- _Work to complete_: Below are entries; output exactly the lines from the one with "Pink Floral Script" to the one with "Simplex - LL1076S", both included, and nothing else.
◇ ◇ ◇
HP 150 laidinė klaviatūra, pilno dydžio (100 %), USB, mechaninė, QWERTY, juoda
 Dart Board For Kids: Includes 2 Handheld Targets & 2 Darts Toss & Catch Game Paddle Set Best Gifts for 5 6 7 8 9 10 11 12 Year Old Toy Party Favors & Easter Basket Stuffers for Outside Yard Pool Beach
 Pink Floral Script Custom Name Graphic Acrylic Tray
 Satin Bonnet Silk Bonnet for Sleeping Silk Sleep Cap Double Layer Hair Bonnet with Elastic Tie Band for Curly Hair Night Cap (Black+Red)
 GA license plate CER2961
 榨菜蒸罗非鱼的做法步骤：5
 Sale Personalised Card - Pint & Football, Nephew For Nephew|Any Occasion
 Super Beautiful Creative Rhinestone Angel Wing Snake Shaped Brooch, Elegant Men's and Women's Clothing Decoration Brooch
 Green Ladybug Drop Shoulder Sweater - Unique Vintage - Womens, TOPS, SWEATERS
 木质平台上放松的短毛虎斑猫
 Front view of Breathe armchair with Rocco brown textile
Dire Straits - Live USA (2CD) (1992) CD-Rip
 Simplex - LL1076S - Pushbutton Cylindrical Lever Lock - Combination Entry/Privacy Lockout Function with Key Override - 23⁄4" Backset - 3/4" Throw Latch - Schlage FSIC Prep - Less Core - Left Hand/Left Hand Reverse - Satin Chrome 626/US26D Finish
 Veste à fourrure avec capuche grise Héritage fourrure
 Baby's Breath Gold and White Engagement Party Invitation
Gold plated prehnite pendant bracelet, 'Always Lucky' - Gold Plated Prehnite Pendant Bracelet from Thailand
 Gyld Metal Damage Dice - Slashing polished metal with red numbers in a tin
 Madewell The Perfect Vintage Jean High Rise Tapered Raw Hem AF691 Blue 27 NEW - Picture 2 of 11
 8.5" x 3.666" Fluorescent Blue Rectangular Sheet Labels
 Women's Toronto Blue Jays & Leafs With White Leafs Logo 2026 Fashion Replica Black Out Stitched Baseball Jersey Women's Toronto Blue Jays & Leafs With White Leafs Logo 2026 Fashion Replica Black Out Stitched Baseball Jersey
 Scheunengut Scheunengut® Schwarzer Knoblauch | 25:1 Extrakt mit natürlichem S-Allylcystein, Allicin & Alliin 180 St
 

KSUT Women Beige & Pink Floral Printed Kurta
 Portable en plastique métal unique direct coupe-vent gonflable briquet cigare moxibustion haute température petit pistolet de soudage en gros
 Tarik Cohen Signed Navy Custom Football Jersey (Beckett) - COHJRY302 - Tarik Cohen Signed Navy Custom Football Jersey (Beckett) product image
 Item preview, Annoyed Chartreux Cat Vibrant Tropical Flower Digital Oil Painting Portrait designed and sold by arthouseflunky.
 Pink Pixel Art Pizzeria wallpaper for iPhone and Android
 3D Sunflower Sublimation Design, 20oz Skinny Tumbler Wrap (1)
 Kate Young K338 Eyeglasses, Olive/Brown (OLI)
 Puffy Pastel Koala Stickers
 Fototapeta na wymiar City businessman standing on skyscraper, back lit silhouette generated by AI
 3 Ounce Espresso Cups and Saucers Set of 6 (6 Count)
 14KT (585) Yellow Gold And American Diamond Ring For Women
◇ ◇ ◇
- _Answer section_:
 Pink Floral Script Custom Name Graphic Acrylic Tray
 Satin Bonnet Silk Bonnet for Sleeping Silk Sleep Cap Double Layer Hair Bonnet with Elastic Tie Band for Curly Hair Night Cap (Black+Red)
 GA license plate CER2961
 榨菜蒸罗非鱼的做法步骤：5
 Sale Personalised Card - Pint & Football, Nephew For Nephew|Any Occasion
 Super Beautiful Creative Rhinestone Angel Wing Snake Shaped Brooch, Elegant Men's and Women's Clothing Decoration Brooch
 Green Ladybug Drop Shoulder Sweater - Unique Vintage - Womens, TOPS, SWEATERS
 木质平台上放松的短毛虎斑猫
 Front view of Breathe armchair with Rocco brown textile
Dire Straits - Live USA (2CD) (1992) CD-Rip
 Simplex - LL1076S - Pushbutton Cylindrical Lever Lock - Combination Entry/Privacy Lockout Function with Key Override - 23⁄4" Backset - 3/4" Throw Latch - Schlage FSIC Prep - Less Core - Left Hand/Left Hand Reverse - Satin Chrome 626/US26D Finish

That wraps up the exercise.